The Silent Companion by Laura Purcell

I got wind of Laura Purcell through one of the blog reviews of her latest, The Poison Thread. And so without much clue about what was on offer, I decided to take a plunge.

 And boy, glad that I did. The Silent Companions is one of the most best horror novels I have read this year. The best kind of horror are so well orchestrated so to catch you unawares. Silent Companion succeeds wildly at that - in creating a creepy, atmospheric, gothic victorian horror novel that checks all my boxes for a great chilling read. Highly recommended.


So the central narrative is set in 1885 and revolves about Elsie Bainbridge, a middle-class English woman who has married into a richer family. Her means of climbing up the social ladder was to ensnare Rupert Bainbridge, an entitled English lord who owns a familial estate known as the Bridge, back in the serene countryside. However, even as the novel starts it becomes clear that Rupert is dead and its Elsie who has inherited the property and everything else that comes along. Which by the way, includes Rupert's unmarried spinster cousin sister Sarah, a bunch of surly non-cooperative house-servants, the annoyed villagers and of course, all the mysterious legacies that come along with the house.

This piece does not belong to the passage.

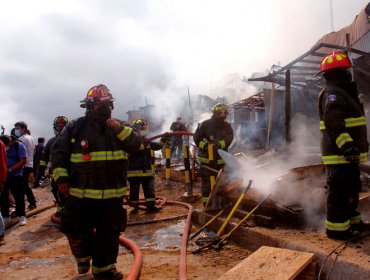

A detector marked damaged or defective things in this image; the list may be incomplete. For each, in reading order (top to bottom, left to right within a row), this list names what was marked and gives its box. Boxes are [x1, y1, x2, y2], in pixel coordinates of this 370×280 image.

damaged shanty [189, 3, 370, 280]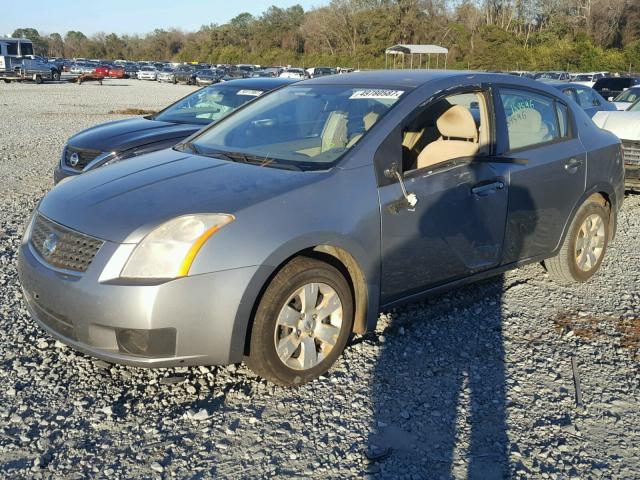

The narrative is actually split across two timelines - Elsie at St.Joseph's hospital and 1885, at the ancestral property, the Bridge. There's also a third timeline set in 1600's, events based on a diary found in the basement of the property that traces back a few of the historical events that shaped the "prophecies" within the Bridge. In the current times, we encounter Elsie as the survivor of a massive fire that destroyed The Bridge. How did the fire breakout? Who survived? What really happened? This becomes a driving force for the second narrative that has Elsie's past life set in 1885. She has just entered her husband's ancestral property, to arrange for the burial of her late husband Rupert within the premises. Laura wastes no time in setting up the eerie environment that surrounds the house - the preternatural fog is a precursor to something a lot more disturbing and chilling that surfaces up within the house. The very first night, Elsie hears a persistent hissing that leads her to open up one of the locked basement doors of the house and stumble across this extremely life-like wooden cut statues of figures known as the Silent Companions. She also discovers the diary of Anne Bainbridge, one of Rupert's ancestors and the story that unfolds from Anne's lifetime in the 1600's sets the tone for the gothic horror that quickly grows to envelope and suffocate Elsie's life in 1885. What are these silent companions? How are there 'more' of them popping up across the property? A series of violent events fall upon the inmates of the house convincing them that there's something evil at work. Very soon, the atmospheric intrigue builds up (Choking you as a reader!) and then, the last one-third of the story where the three stories across different timelines start to converge, Laura slowly but surely tightens the noose.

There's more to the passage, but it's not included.